__Available data__.
|---|

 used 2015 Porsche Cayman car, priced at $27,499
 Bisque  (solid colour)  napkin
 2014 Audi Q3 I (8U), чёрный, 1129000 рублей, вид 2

|---|

__Task details__.
The material should be transcribed in full, character for character.

__Your response__.
 used 2015 Porsche Cayman car, priced at $27,499
 Bisque  (solid colour)  napkin
 2014 Audi Q3 I (8U), чёрный, 1129000 рублей, вид 2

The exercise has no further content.